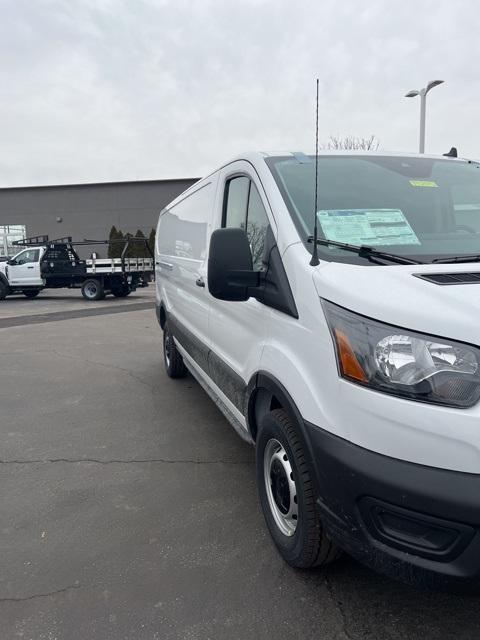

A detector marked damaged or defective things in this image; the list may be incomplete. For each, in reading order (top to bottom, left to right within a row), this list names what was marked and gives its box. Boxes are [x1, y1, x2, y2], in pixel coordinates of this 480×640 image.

crack in pavement [0, 584, 81, 604]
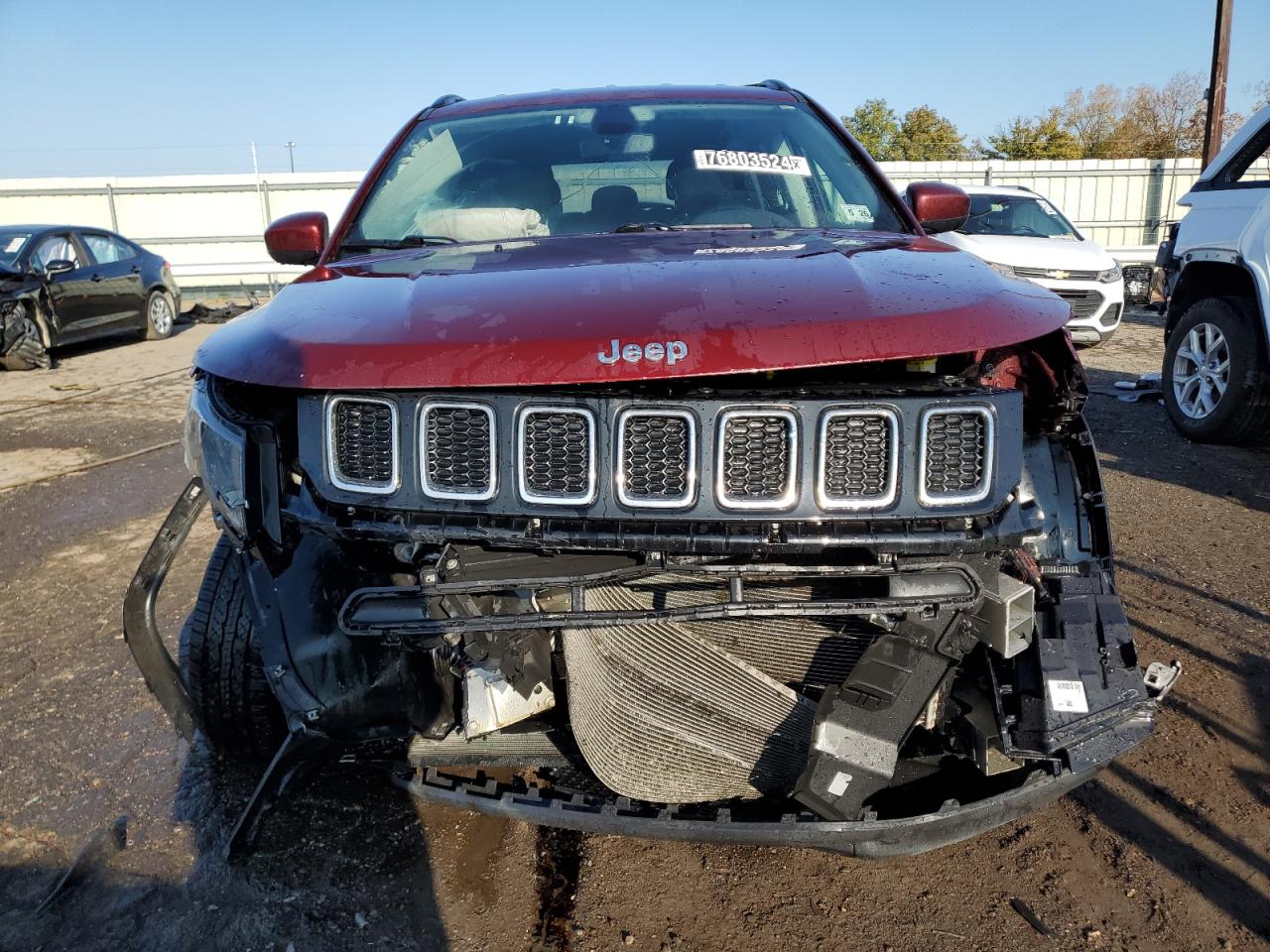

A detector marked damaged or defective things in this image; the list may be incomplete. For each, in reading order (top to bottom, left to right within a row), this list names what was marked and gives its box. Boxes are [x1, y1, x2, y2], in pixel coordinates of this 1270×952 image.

black damaged sedan [0, 225, 184, 371]
crumpled hood [196, 229, 1072, 389]
broken headlight [184, 373, 248, 536]
damaged red jeep [124, 83, 1167, 857]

◇ ◇ ◇ ◇

Task to carry out
Give again, exactly, every line from the one holding "this 1270×952 image." to the last line of the data.

Written reply
A detector marked damaged or defective things in this image; the list may be incomplete. For each, in reading order (top to bottom, left to right within a row), this list names what was marked and gives its box. Boxes are [x1, y1, x2, y2], in pixel coordinates of this 1270×952 image.

black damaged sedan [0, 225, 184, 371]
crumpled hood [196, 229, 1072, 389]
broken headlight [184, 373, 248, 536]
damaged red jeep [124, 83, 1167, 857]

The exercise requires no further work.